Oltre le elezioni e Berlusconi: se vince la sinistra di Bersani, Di Pietro e Vendola, che scenario. Una opinione da destra

di Gennaro Malgieri
Pubblicato il 8 Agosto 2010 - 12:21| Aggiornato il 7 Settembre 2010 OLTRE 6 MESI FA

Nichi Vendola

Se alle prossime elezioni, se i saranno, vincesse una sinistra come quella descritta da Giuseppe Giulietti su “Blitzquotidiano”, cosa accadrebbe dopo? Le elezioni non basta vincerle, magari mettendo insieme un’armata Brancaleone come già sperimentato da Prodi, poi bisogna governare. E se i veti incrociati impediscono la costruzione di un centrosinistra organico in grado di compete con il centrodestra, come è possibile soltanto immaginare che, dato e non concesso che esca vittorioso dalle urne, possa guidare il Paese privo di una bussola? E’ questo l’interrogativo intorno al quale dovrebbe esercitarsi la sinistra nel momento in cui sembra lanciare la sfida a Berlusconi. Dico “sembra” perché è una sfida finta.

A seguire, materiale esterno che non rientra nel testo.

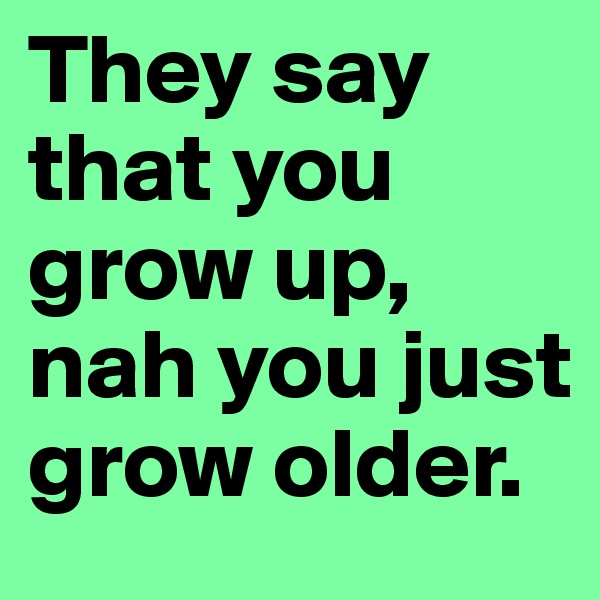 They say that you grow up, nah you just grow older.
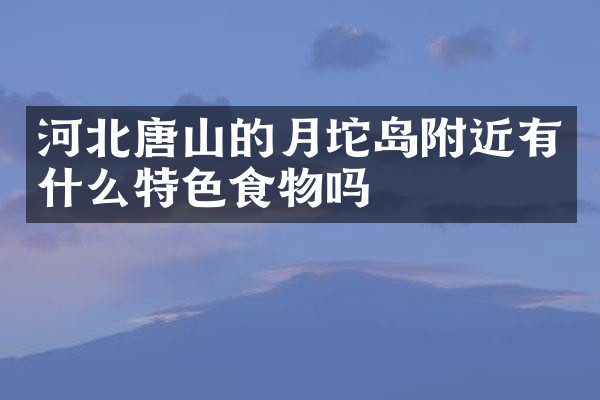 河北唐山的月坨岛附近有什么特色食物吗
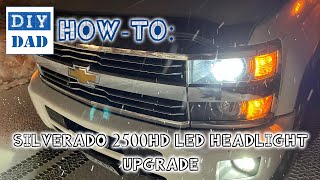 LED Headlight Upgrade  2015 Silverado 2500HD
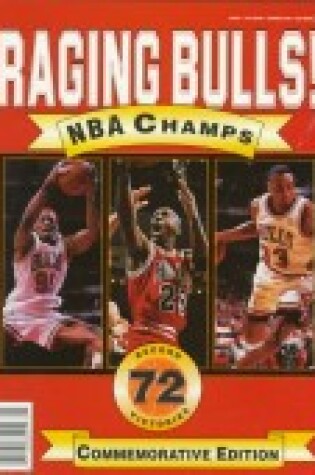 Cover of Raging Bulls!: Nba Champs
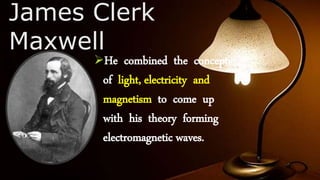 James Clerk
Maxwell
He combined the concepts
of light, electricity and
magnetism to come up
with his theory forming
electromagnetic waves.
 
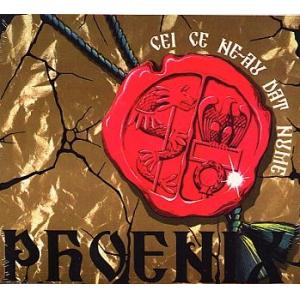 phoenix: cei ce ne - au dat nume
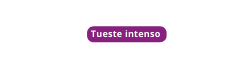 Tueste intenso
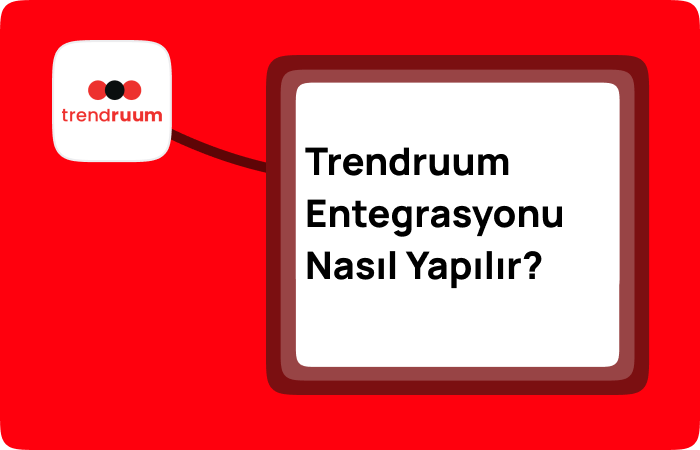 Trendruum Entegrasyonu Nasıl Yapılır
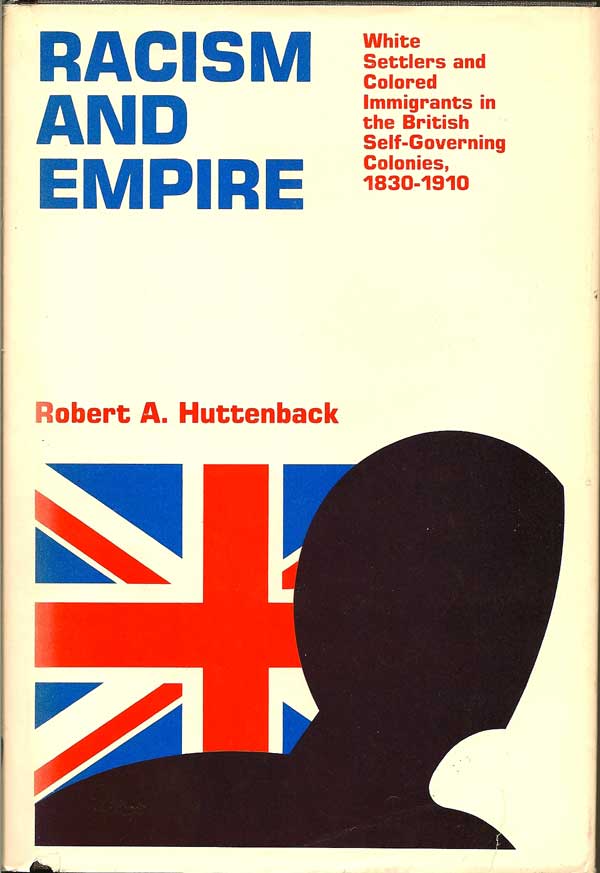 Item #015369 Racism and Empire. ROBERT A. HUTTENBACK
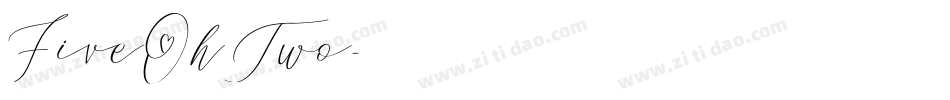 FiveOhTwo字体转换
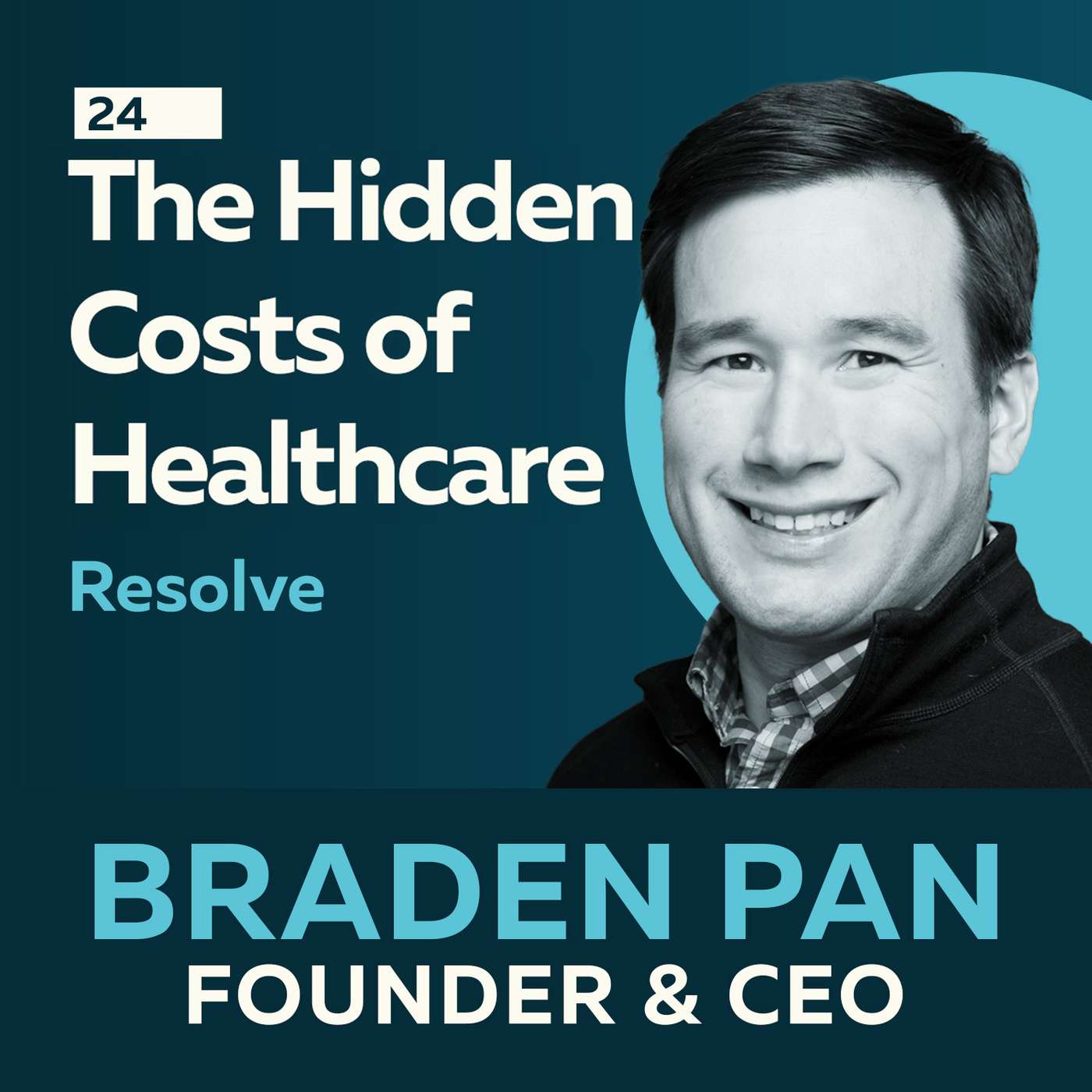 The Hidden Costs of Healthcare: Resolving America's Silent Crisis of Medical Debt with Braden Pan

In realtà Bersani e compagni hanno una fifa blu delle elezioni anticipate, vuoi che siano a novembre vuoi che si tengano a marzo. E per di più, vogliono che Berlusconi tolga il disturbo, ma pretendono pure di decidere la data delle consultazioni, ingannando il tempo con governi tecnici, istituzionali, di salute pubblica e via elencando, senza peraltro chiedersi se è corretto che chi ha vinto le elezioni debba andare all’opposizione per un colpo di Palazzo. Non ci pare che ciò accada in nessun’altra democrazia.

Gli antagonisti del centrodestra non sono pronti a chiedere voti agli elettori: questa è la verità. Non soltanto perché non hanno un leader capace di mettere assieme una squadra competitiva e che interpreti tutto il variegato mondo del quale dovrebbe essere espressione. Non tanto perché divisi su tutto e dunque inabili a sottoscrivere un programma concreto, comprensibile, attuabile, possibilmente non di trecento pagine come lo fece Prodi. Il motivo dell’insostenibile leggerezza del centrosinistra, che Giulietti, con la consueta onestà intellettuale, rappresenta nelle prime righe del suo articolo, è nell’odio profondo tra i possibili soci della coalizione e nelle diffidenze che albergano in ognuno dei partiti dell’opposizione.

Anche per questo il Paese è immobile. Non esiste un’alternativa in grado di compattare, per necessità, la maggioranza e renderla meno inquieta e litigiosa. In tutte le democrazie che si rispettano le minoranze hanno un ruolo decisivo nell’esercizio della proposta politica e del controllo sull’azione del governo. Si può dire che oggi dal Pd a Di Pietro, senza tener conto dell’evanescente “terzo polo” la cui natura è ancora tutta da decifrare, posto che resista alle intemperie che già si annunciano, l’opposizione mostri di avere le caratteristiche appena richiamate?

Credo non ci sia nessuno disposto ad ammetterlo. E allora, per quanto la maggioranza non goda ottima salute dopo lo “strappo” dei finiani che peraltro non sono usciti dal centrodestra ed hanno promesso di continuare a sostenere il governo (bisogna credergli fino a prova contraria), la sinistra non può cavarsela invocando l’aiuto di quinte colonne per buttare giù un premier eletto sostanzialmente (uso questo avverbio perché non dimentico che la nostra resta comunque una democrazia parlamentare) dal popolo, senza tuttavia avere le prerogative di chi è investito direttamente dal suffragio degli elettori. La sinistra, mi permetto di aggiungere, con tutto il rispetto che si deve a qualsiasi formazione politica, dovrebbe guardarsi all’interno, sapere con precisione su chi fare affidamento, elaborare un programma coerente, cercare un leader rappresentativo intorno al quale fare quadrato. Non può, insomma, inveire tutti i santi giorni contro il governo, sapendo che non cadrà per gli alti lai che si levano dalle sue file. Certo, la propaganda conta, ma ancora di più conta la politica. E di questa se ne vede poca a sinistra dove sembra che valgano più le apparenze e le speranze dei fatti concreti.

Berlusconi con le spalle al muro ha sempre dato il meglio di sé. Peccato che Bersani non se ne sia accorto e Vendola sì. Ma sul governatore della Puglia come possibile leader della sinistra in quanti sono d’accordo? Ecco: si ritorna alla casella iniziale, come in uno sterile e noioso gioco di società.